#### Work request:
The response should consist only of the lines from the one with "Dura Seal Quick Coat Rustic Beige 182 Quart" to the end of the data below, copied exactly and without pictures.

#### Brief descriptive captions:
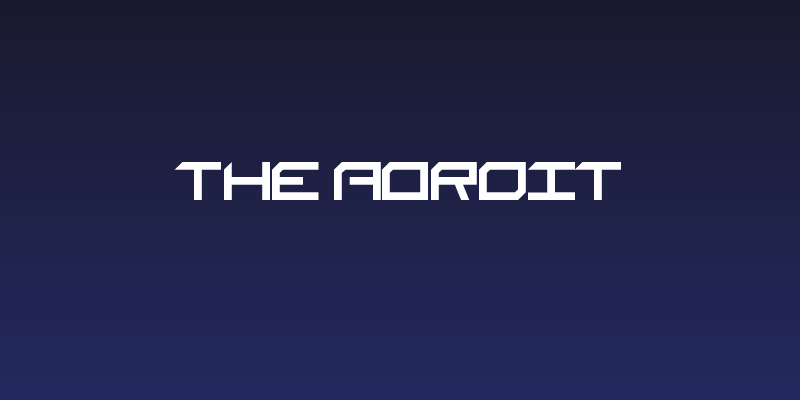 The Adroit Social Header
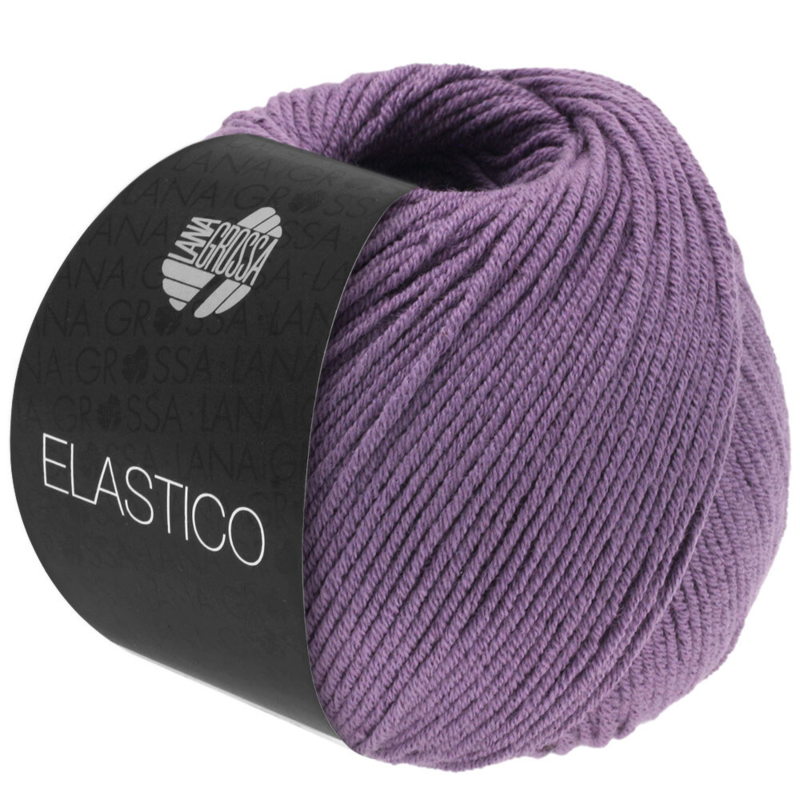 Lana Grossa Elastico 154 Prune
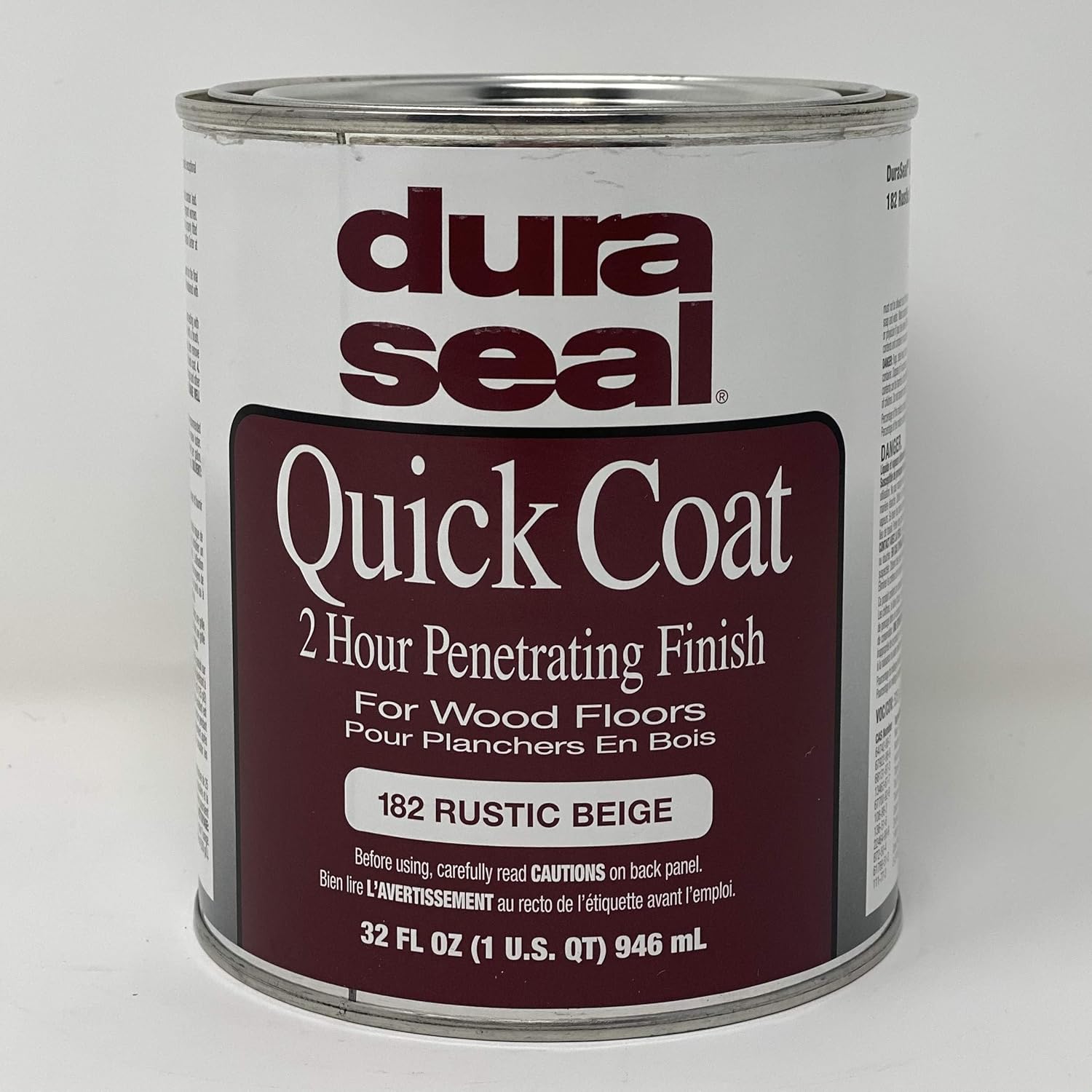 Dura Seal Quick Coat Rustic Beige 182 Quart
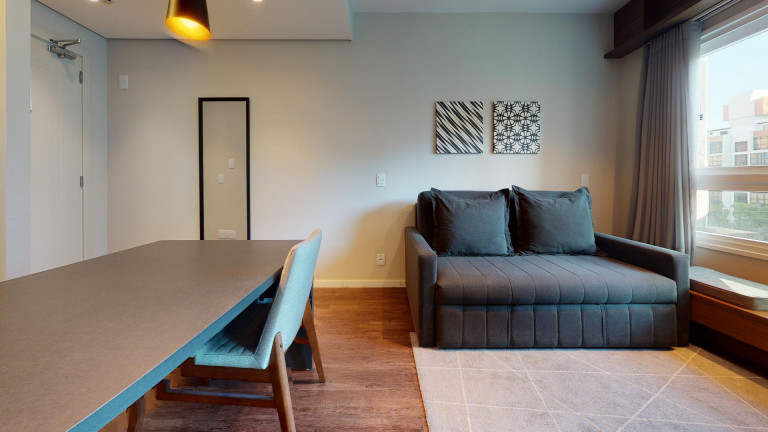 Imagem Apartamento com 1 Quarto à Venda, 44 m² em Moinhos De Vento - Porto Alegre Imagem Apartamento com 1 Quarto à Venda, 44 m² em Moinhos De Vento - Porto Alegre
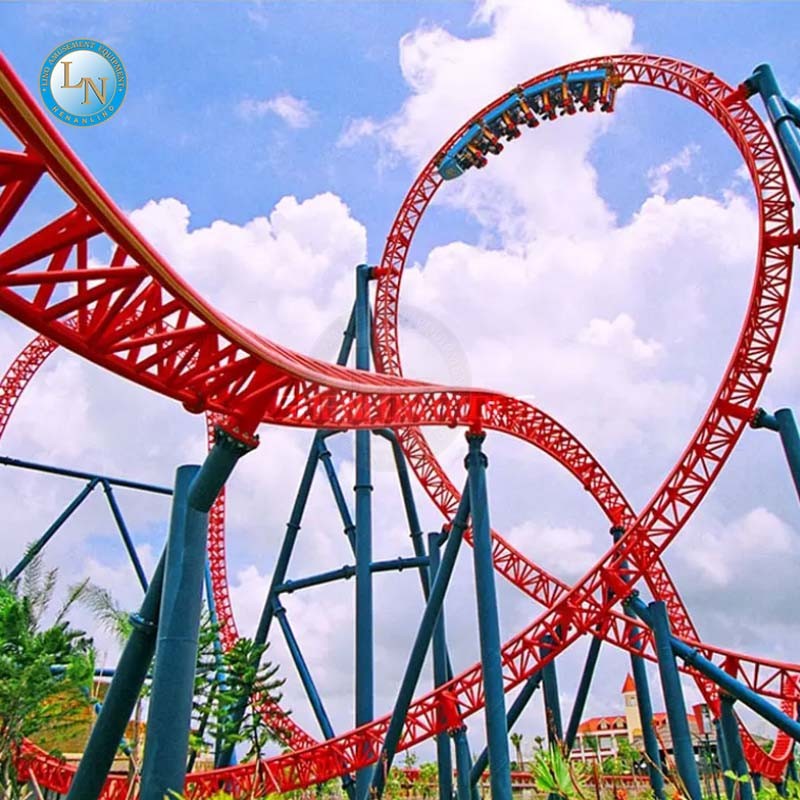 Roller Coaster Manufacturer - Big Amusement Park Equipment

#### Written reply:
 Dura Seal Quick Coat Rustic Beige 182 Quart
 Imagem Apartamento com 1 Quarto à Venda, 44 m² em Moinhos De Vento - Porto Alegre Imagem Apartamento com 1 Quarto à Venda, 44 m² em Moinhos De Vento - Porto Alegre
 Roller Coaster Manufacturer - Big Amusement Park Equipment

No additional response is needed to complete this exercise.